Microsoft partnership in works for Elementary 18

The Bellevue School District is pursuing a partnership with Microsoft for Elementary 18, the district’s first entirely new elementary school in years, Superintendent Tim Mills recently announced.

The Bellevue School District is pursuing a partnership with Microsoft for Elementary 18, the district’s first entirely new elementary school in years, Superintendent Tim Mills recently announced.

“This is giving us an opportunity to envision and build classroom experiences that is really, truly integrating new approaches to teaching with technology,” Mills told the school board Nov. 17, the same day in which the district had signed a non-binding memorandum of understanding with the Redmond-based corporation.
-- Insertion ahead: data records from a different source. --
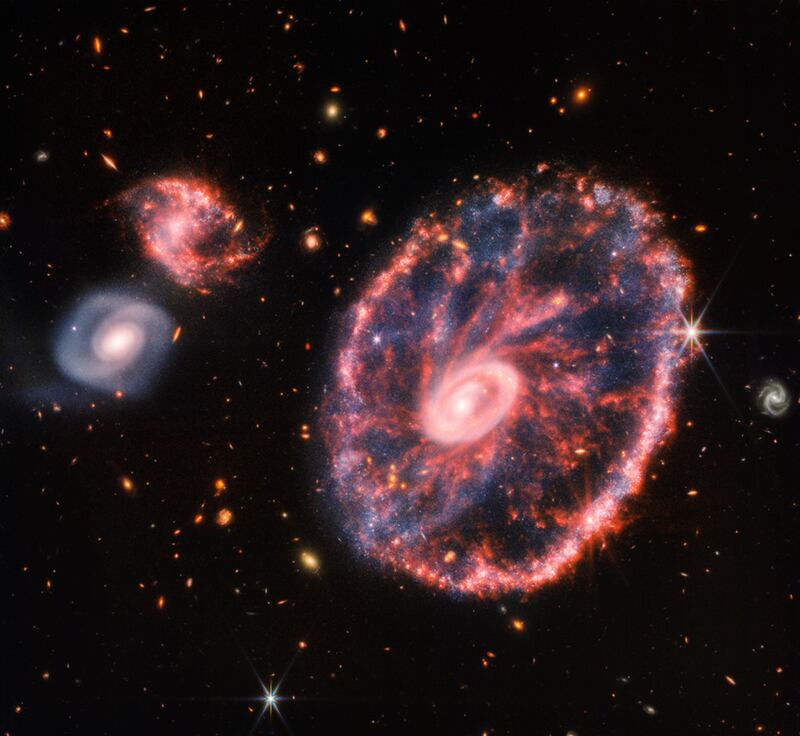 A large pink, speckled galaxy resembling a wheel with a small, inner oval, with two smaller spiral galaxies about the same size to the left, captured by the James Webb Space Telescope.  NASA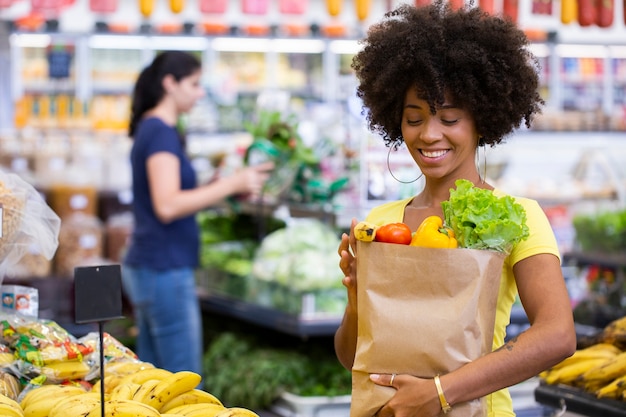 Healthy positive happy african woman holding a paper shopping bag full of fruit and vegetables.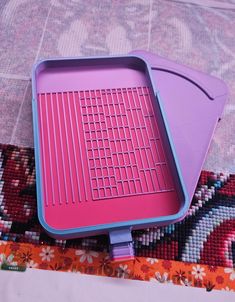 a pink and blue grill sitting on top of a rug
Elementary 18, which has yet to be named, will be the second school in the district to work with Microsoft.

The company already works with Sammamish High School through their Microsoft Showcase Schools program. The 150 schools involved in the program globally use technology to drive a learning in a multitude of situations and environments.
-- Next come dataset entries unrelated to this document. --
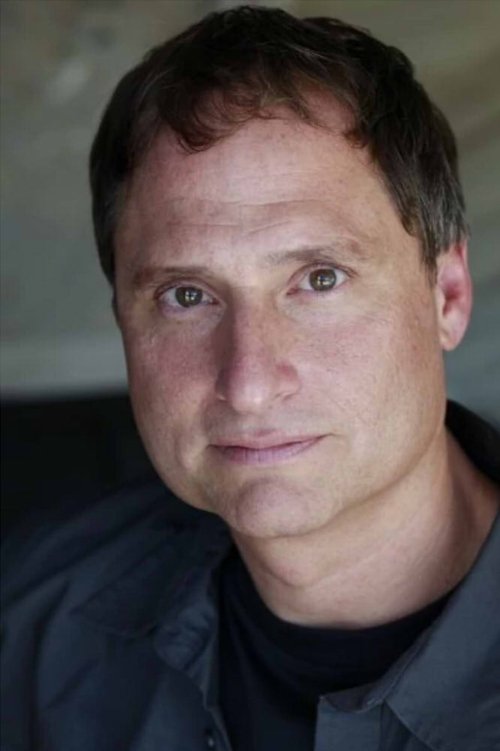 Paul Mercier as Leon S. Kennedy / Merchant (voice)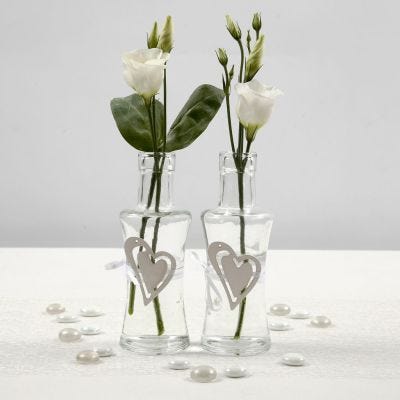 Vase dekoreret med hvidt satinbånd og hjerte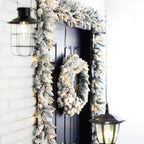 2-Pack 9 ft. Pre-lit LED Artificial Christmas Garland and 24 in. D Pre-lit Snow Flocked Christmas Wreath Set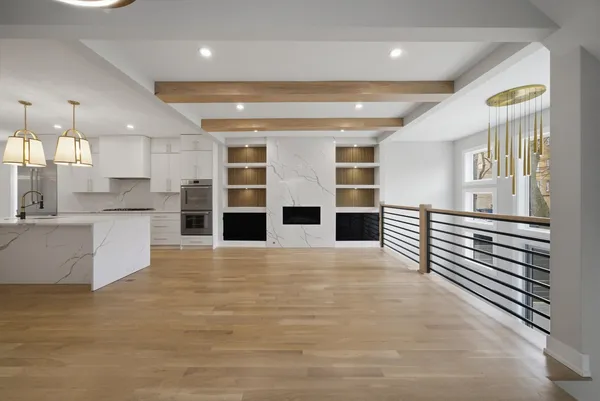 a view of a kitchen with stainless steel appliances wooden floor and windows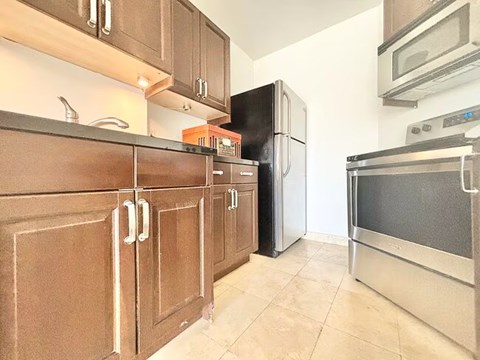 A kitchen with brown cabinets and a black refrigerator.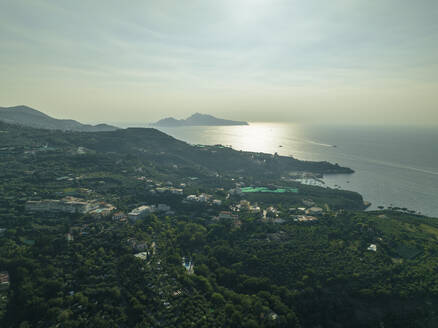 Aerial view of Capri Island at sunset as seen from Sorrento coastline, Campania, Naples, Italy. - AAEF24252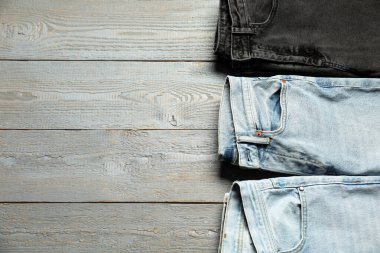 Different stylish jeans on grey wooden background, flat lay. Space for text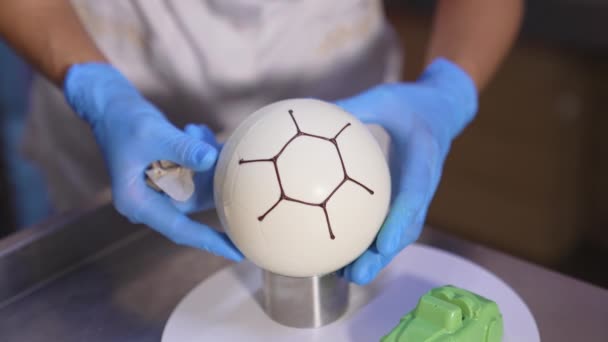 Confectioner Decorates Ball Shaped White Cake Chocolate Producing Desserts Factory — Stock Video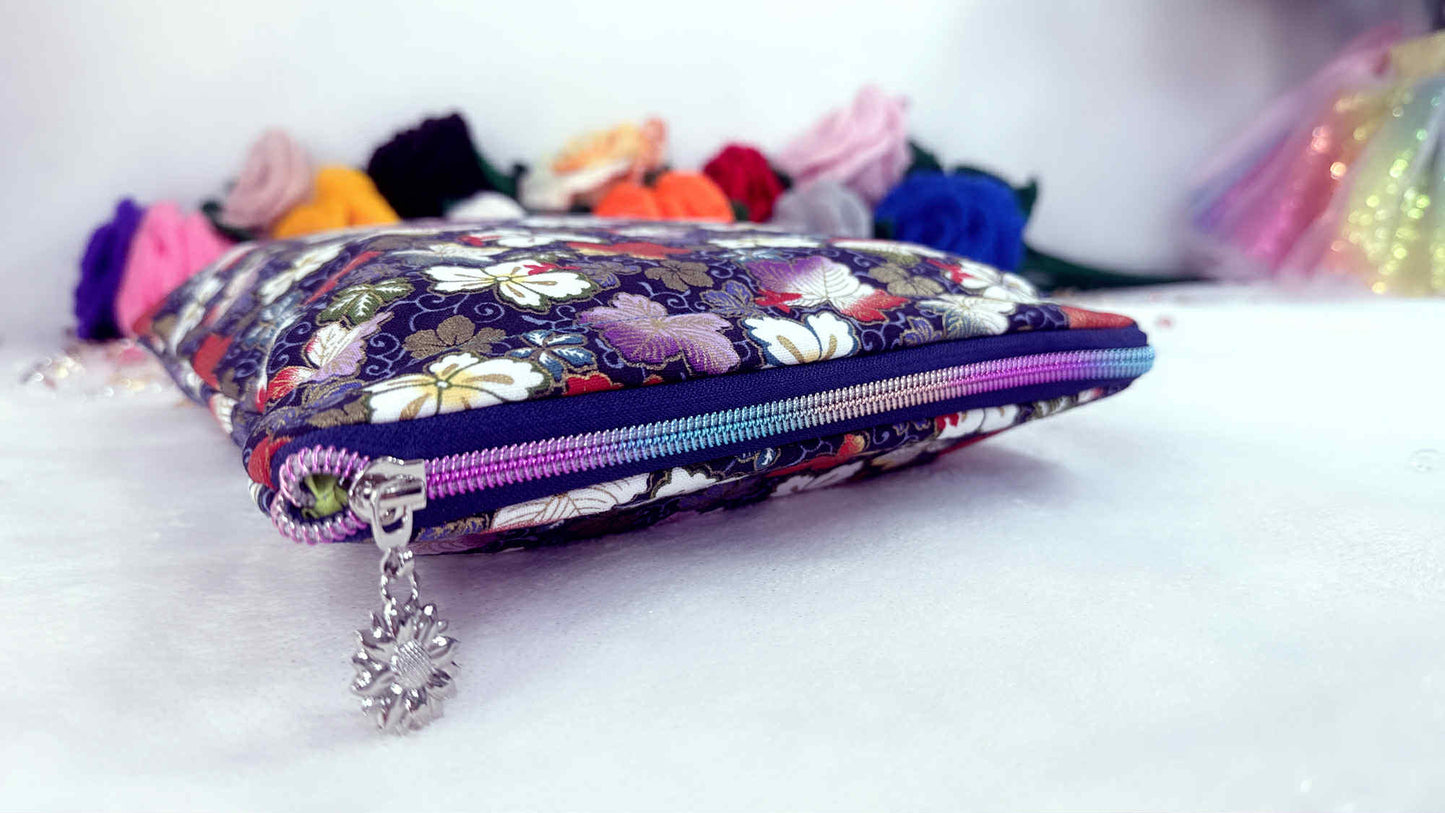 Floral-patterned pouch with tassels on a white background. Handmade book sleeve by Roxana Roveno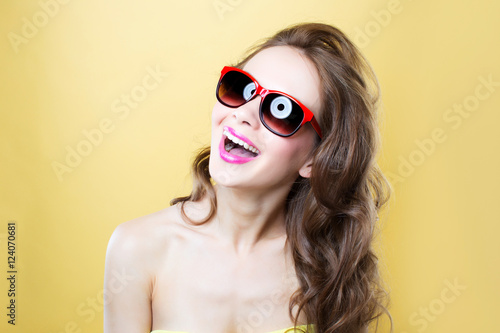 Cheerful woman In sunglasses.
“One of the things that we’re excited about is using the opportunity to prototype out in the field solutions that aren’t in the marketplace,” said Mark Sparvell, Senior Manager School Leader Audience Worldwide Public Sector, who is heading the Elementary 18 partnership. That being said, he said the partnership is about more than Microsoft providing certain technology or software.

“There was conversation early on about what types of learners they were interested in building,” he added.
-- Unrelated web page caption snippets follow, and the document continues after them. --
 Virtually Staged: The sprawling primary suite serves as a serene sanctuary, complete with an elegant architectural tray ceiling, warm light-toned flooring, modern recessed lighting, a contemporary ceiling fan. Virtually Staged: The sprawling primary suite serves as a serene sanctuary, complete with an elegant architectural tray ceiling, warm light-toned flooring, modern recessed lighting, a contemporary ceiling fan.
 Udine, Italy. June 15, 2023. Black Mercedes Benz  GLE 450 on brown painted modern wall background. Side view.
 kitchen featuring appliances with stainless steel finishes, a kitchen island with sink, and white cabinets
A large part of influencing learning through technology at Elementary 18 will be the creation of variable, technology-integrated learning spaces, he said. There’s a multitude of ways to create said spaces, including a mixture of quiet work areas and open learning areas and horizontal and vertical displays. Having all the desks in a classroom facing the front may still occur, but is not the dominant model, according to Sparvell.

“We’re excited to have the permission to think differently about learning spaces. Technology and design can be approached in ways that may be different to mainstream, but don’t look as if they’re in a science-fiction movie,” he said.

Most of the American schools currently involved in the Showcase program — including Sammamish — are secondary schools, but Sparvell said Microsoft is looking forward to working with younger students at a greater extent.

“We see the early years as being foundational in establishing lifelong learners,” he said. “Also, we know that there will be a diversity of learners and language groups who will require machine translations and other adaptive technology solutions to help ESL or other students with learning needs that we can assist and learn from.”

Elementary 18 will draw students from around the downtown and Wilburton areas, relieving overcrowding at Enatai, Woodridge and Clyde Hill. As the Reporter previously reported, enrollment is growing by roughly three percent annually, or close to 600 additional students each year.

Work on the new school and the partnership with Microsoft is expected to take shape over the next 18 months, said Mills.

The district has already begun the permit application and design process for the school, and will be hiring the school’s principal this spring. In addition to the existing steering committee made up of a dozen district staff members, they will be establishing a teacher advisory committee of 10-12 members to give input on the school, Mills added.

“We’re very excited to be moving forward with Microsoft, and we find that this is just an incredible opportunity,” he said.

Microsoft is hoping to reach a definitive agreement with the district by January, said Sparvell.